DESCRIPTION OF THE TASK =>
Pictures are to be left out, but please repeat each record exactly.

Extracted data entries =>
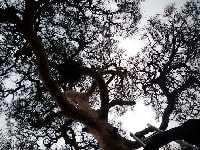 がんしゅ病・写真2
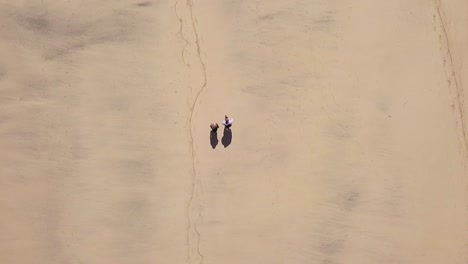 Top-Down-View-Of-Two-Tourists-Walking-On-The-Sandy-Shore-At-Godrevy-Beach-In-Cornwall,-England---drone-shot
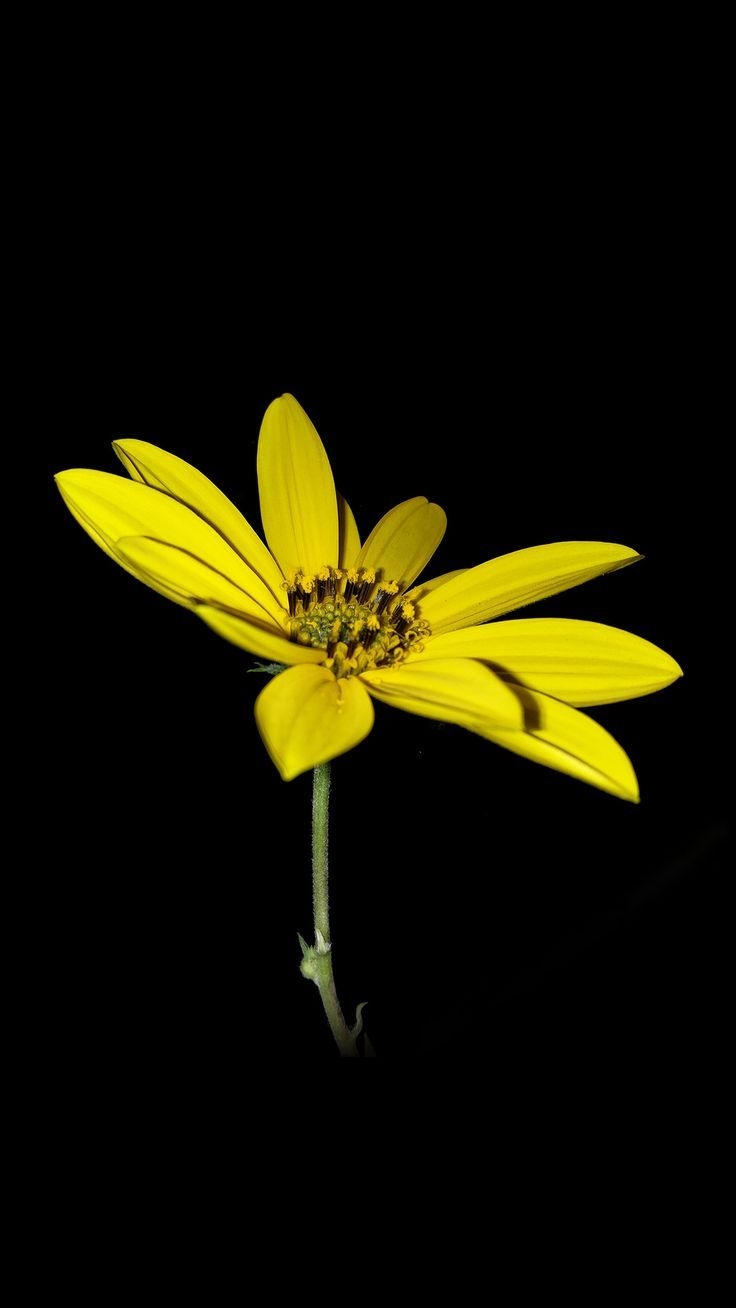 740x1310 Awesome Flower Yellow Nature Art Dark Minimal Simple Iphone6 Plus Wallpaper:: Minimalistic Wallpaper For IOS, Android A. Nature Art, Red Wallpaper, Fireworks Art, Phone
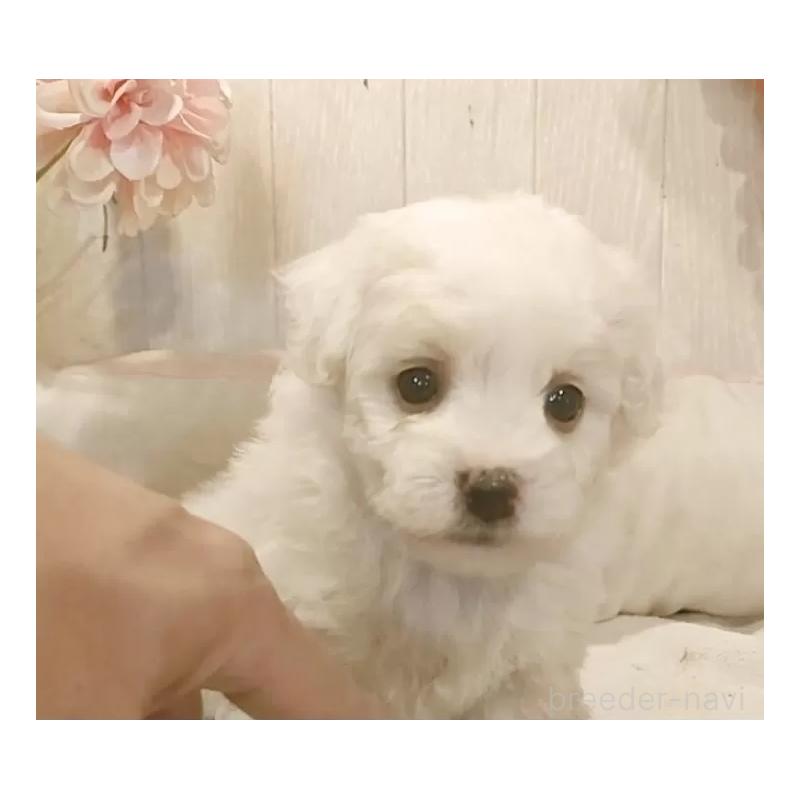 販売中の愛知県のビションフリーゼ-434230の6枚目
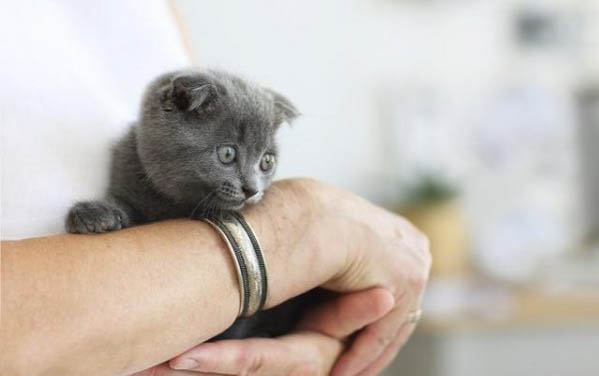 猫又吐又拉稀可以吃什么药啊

YOUR RESPONSE =>
 がんしゅ病・写真2
 Top-Down-View-Of-Two-Tourists-Walking-On-The-Sandy-Shore-At-Godrevy-Beach-In-Cornwall,-England---drone-shot
 740x1310 Awesome Flower Yellow Nature Art Dark Minimal Simple Iphone6 Plus Wallpaper:: Minimalistic Wallpaper For IOS, Android A. Nature Art, Red Wallpaper, Fireworks Art, Phone
 販売中の愛知県のビションフリーゼ-434230の6枚目
 猫又吐又拉稀可以吃什么药啊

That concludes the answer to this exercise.